Fully Connected Layer
The Fully Connected Layer, also known as the dense layer, is the final layer that comes after the convolutional and pooling layers. Its purpose is to perform classification or regression tasks based on the high-level features extracted by the earlier layers of the network. In FC, all the neurons of the input are connected to every neuron of the output layer.
- Formula:
$$ y = f(W \cdot x + b) $$
- $( W )$: Weight matrix
- $( x )$: Input vector
- $( b )$: Bias vector
- $( f )$: Activation function
The fully connected layer combines the high-level features learned by the convolutional layers to output a final prediction.
Output Layer
The output layer is typically a softmax layer in classification tasks. The softmax function converts the raw output scores into probabilities.
- Softmax Function:
$$ \sigma(z_i) = \frac{e^{z_i}}{\sum_{j=1}^K e^{z_j}} $$
- $( z_i )$: The (i)-th element of the input vector $(z)$
- $( K )$: Number of classes
The softmax function ensures that the output probabilities sum to 1, making it easier to interpret the results as the likelihood of each class.
Simple Example of CNN Architecture
Here’s a simple CNN architecture for image classification:
- Input Layer: 28x28 grayscale image
- Convolutional Layer: conv layer with filter of the size 5x5, with valid padding(no padding), the feature maps have a size of 24x24xn1, where n1 is the number of filters used in this layer.

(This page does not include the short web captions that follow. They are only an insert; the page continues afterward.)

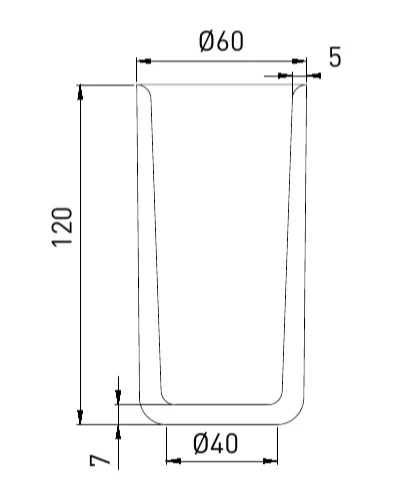 Стакан для ванной Salini Gocce в цвете по RAL 1901201F (детальная фотография), современные, hi-tech
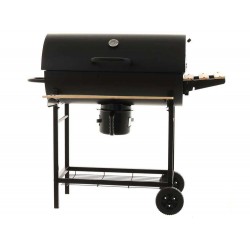 BARBECUE ROYAL 2 CON COPERCHIO-ALIMENTATO A CARBONE  CON RACCOGLITORE CENERE ESTRAIBILE GRIGLIE IN ACCIAIO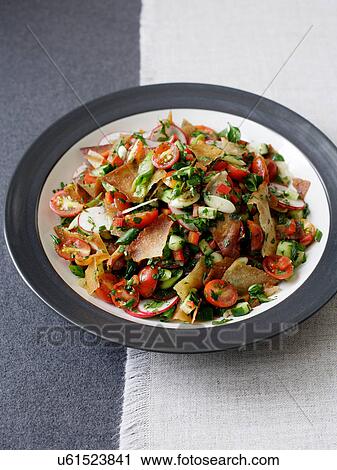 Stock Image - Fattoush. Fotosearch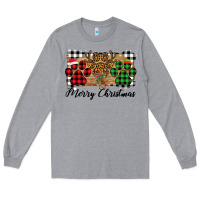 Heather Grey merry christmas paws Long Sleeve Tee - Bettercallsaul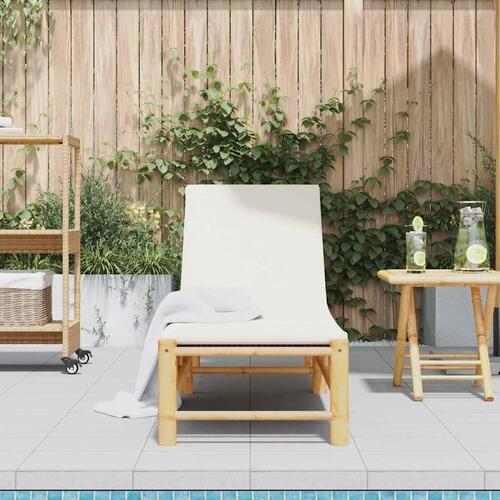 Liggestol med hynder 55x199x30 cm bambus
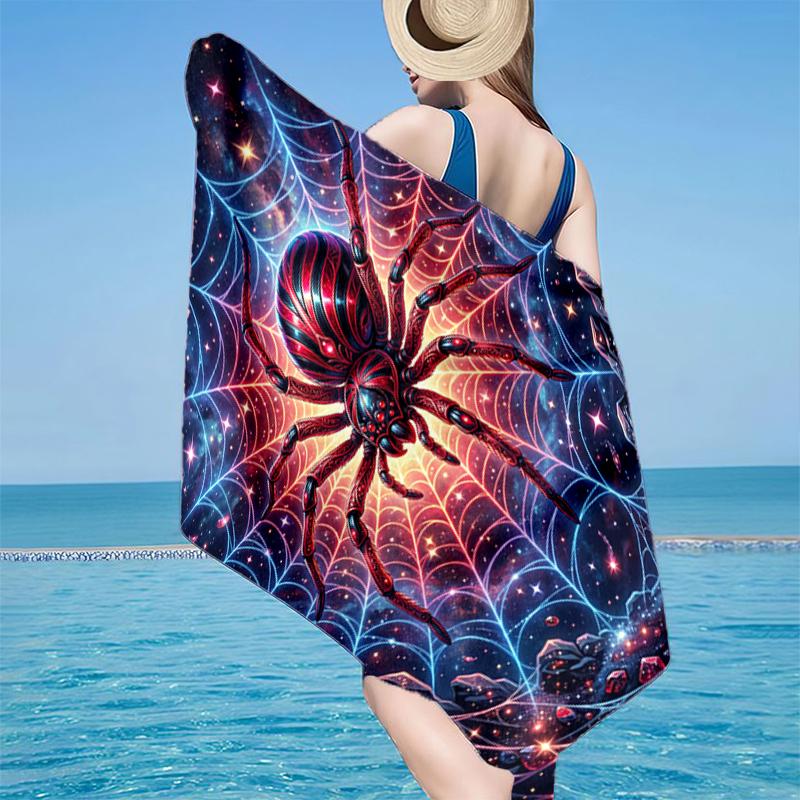 Magical Cosmic Spider Web Beach Towel, Super Soft Microfiber, Gift for Her/Him, Birthday, for Pool, Beach, Travel, Home Decor Fan gifts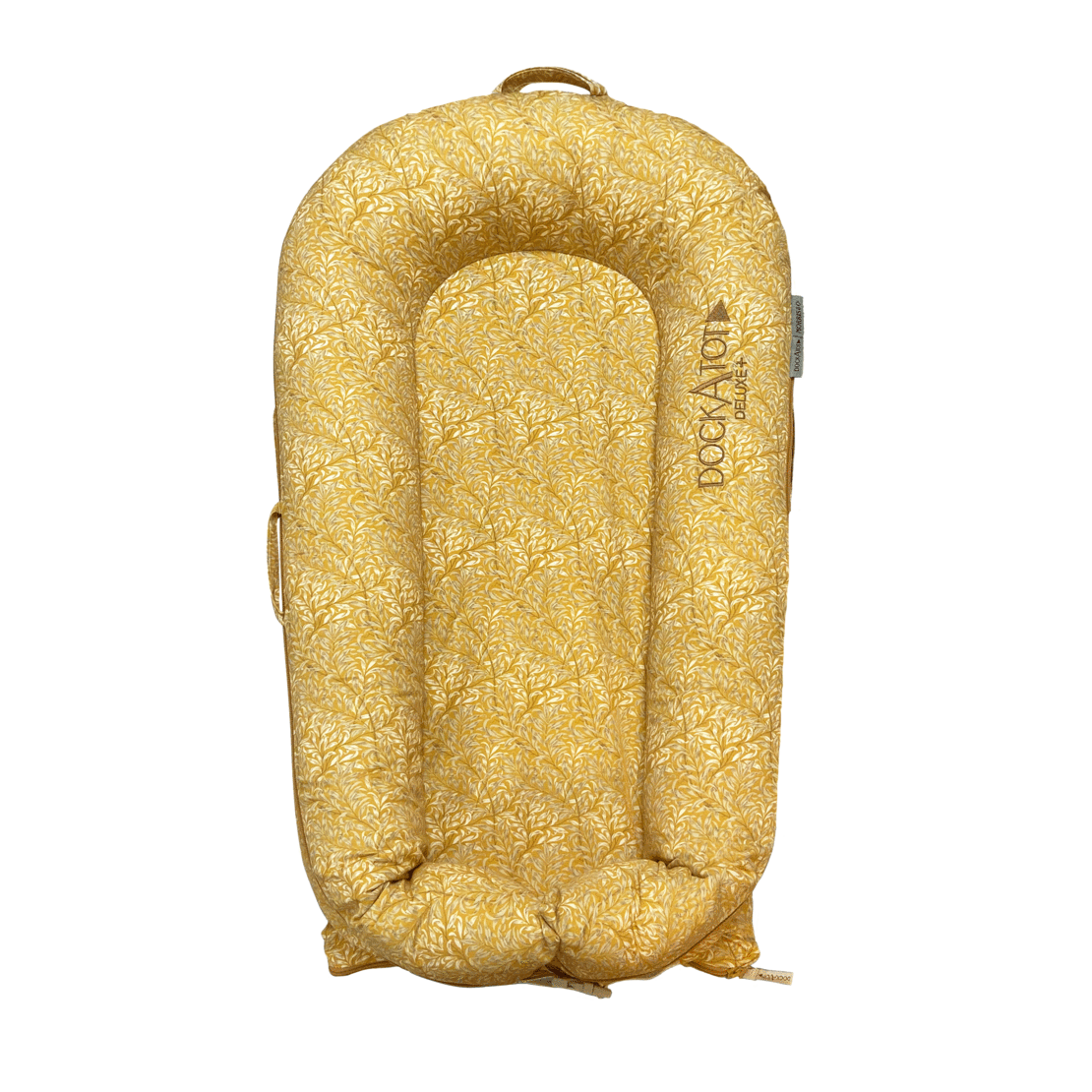 Матрас-кокон DockATot Deluxe+ Golden Willow Boughs, 85х46 см, золотой (EU10380) - фото 1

- Max-Pooling Layer: 2x2 window, stride 2
- Convolutional Layer: conv layer with filter of the size 5x5, with valid padding(no padding)
- Max-Pooling Layer: 2x2 window, stride 2
- Flatten Layer: Converts the feature maps 4x4 into a 1D vector with total size of 4x4xn2.
- Fully Connected Layer: the flattened vector is passed through a fully connected layer with n3 units, with ReLU activation function.
- Fully Connected Layer: passed again, applies Dropout to prevent overfitting
- Output Layer: Final Fully Connected Layer, which has 10 units corresponding to the 10 possible digit classes (0-9).
This example illustrates the typical workflow in a CNN, from input to final classification.